条件の良い居抜き物件を契約できたなら、かなり初期投資を抑えて開業できますが、実際には気を付けなければいけない確認事項がたくさんございます。
具体的に何を譲渡するのか確認する
造作譲渡と言っても様々なケースがあります。
前テナントが厨房機器や椅子、テーブルを購入したもの、同様に、前テナントが施工した壁やカウンターなどのが借主の資産となります。
こういった前テナントの資産についてが造作譲渡の対象となります。
では、前テナント(借主)の入居前からあった壁やトイレ、ドアなどはどうでしょうか?
これは借主の資産ではなく、貸主(物件所有者)の所有物と思うかもしれませんが実際には確認しないと分かりません。
こういったものを「不動産付帯設備」といい、借主が造作譲渡契約で前テナントから譲渡をうける対象以外のものであり、貸主(物件所有者)の資産となります。
例えば、物件の防火扉やシャッターなどですが、どこからどこまでが造作物で、どこからどもまでが不動産付帯設備なのか、良く確認しなければなりません。
それを怠ってしまうと、内装工事で触ってはいけない箇所に穴をあけてしまったり、撤去してしまうことになりかねません。
原状回復義務がどこまでかを確認
飲食店舗の契約する借主には必ず「原状回復義務」が課せられます。
これは「物件を退去する際には、造作物などを撤去し、あるべき姿に戻してください」という意味となり、契約時の状態に戻すということでなく「建物が建てられた当時の図面の通りに戻してください」という事です。

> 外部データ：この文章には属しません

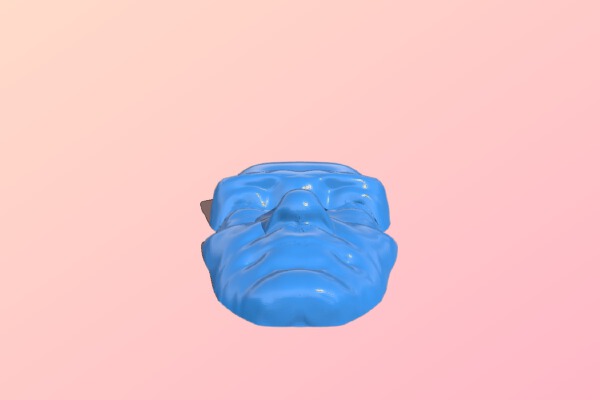 Ataturk | 3d print model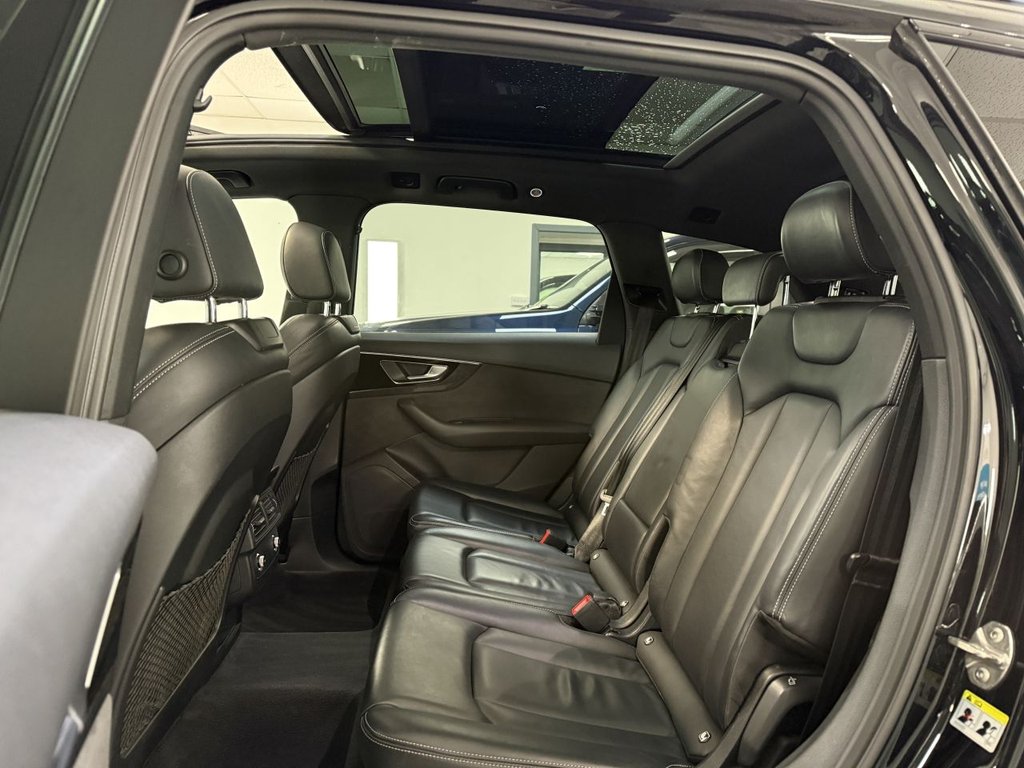 Used Audi Q7 2019 for sale - 77139966: Photo 21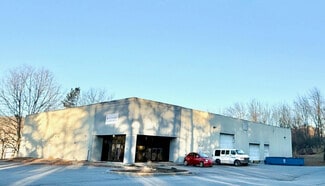 Plus de détails pour 20 Overland Industrial Blvd, Asheville, NC - Industriel à vendre
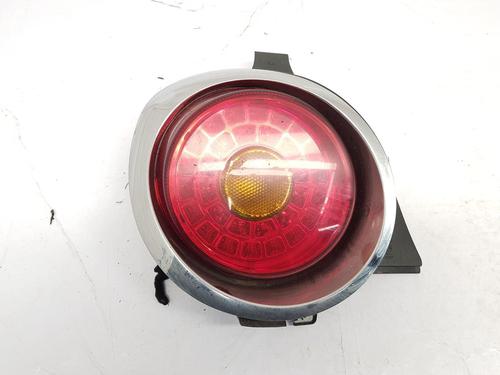 Used Left taillight ALFA ROMEO MITO (955_) 1.4 Turbo MultiAir (955AXM1A, 955AXR11) (135 hp) 30580759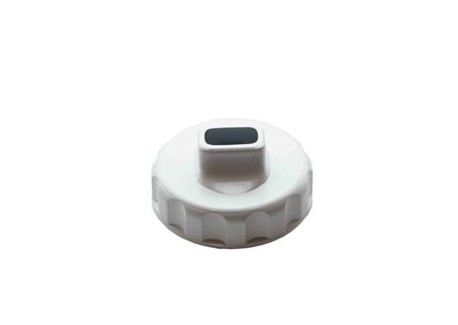OS0152-6_B Douille Grissini Rectangle Blanc Extracteur de Jus Jazz Max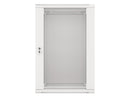 Lanberg WF01-6418-10S rack cabinet 18U Wall mounted rack Grey-8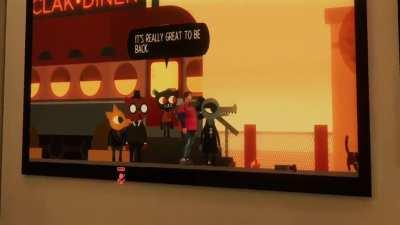 Video compression test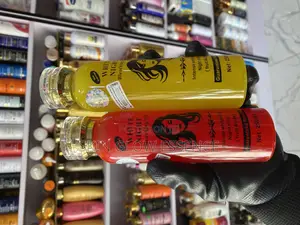 White Night Bleaching Oil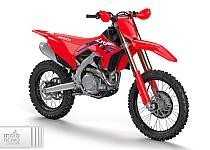 Honda CRF450RX 2023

造作譲渡で契約するという事は、前テナントも前々テナントから造作譲渡している可能性もあり、もはや見た目ではどの状態が元の状態なのか? いわゆる「原状」なのかわからないので、物件の賃貸借契約時には必ず仲介業者に重要事項説明書と施工時図面を元に、原状回復の「原状」がどのような状態なのかを確認していただき、その工事費用は退去時に必ず発生する事を認識しておいてください。
譲渡後のトラブルについて
造作譲渡契約で、「譲渡後のトラブルについては前テナントは関与しない」という文言が契約書に入っていることがほとんどです。
特にトラブルが多いポイントです。
水回りのトラブル
特に多いのが水回りのトラブルです。
シンクはもちろん、冷蔵庫や製氷機、食洗器などの厨房機器には排水機能があります。
排水ホースを排水口に接続して、水漏れや匂いの発生を防ぎます。
ここで何か問題があると、水漏れや排水の異臭、小バエがわく原因になります。
給排水の水漏れ等をよく確認してください。
また、地下の物件の際は1階店舗の水漏れトラブルもございますので天井から水漏れが無いかも確認が必要です。
吸排気、空調のトラブル
飲食店のエアコンは特に劣化しやすく汚れもつきやすいので、比較的新しい型のものでも、事前に稼働させ動作確認することが大切です。
リース、レンタル品のトラブル
リース品、レンタル品は所有者が借主ではなく、リース会社、レンタル会社になり、第三者に勝手に譲渡する事はできません。
しかし、前テナントがリース品、レンタル品の契約状況を把握しておらず、そのまま造作譲渡で新テナントに渡してしまう事が稀にございます。
この場合、もちろん前テナントに責任がありますが、契約した新テナントにも損失になる可能性もありますので、厨房機器はもちろん、レジや音響機器、通信機器なども、リース品、レンタル品がないか確認が必要です。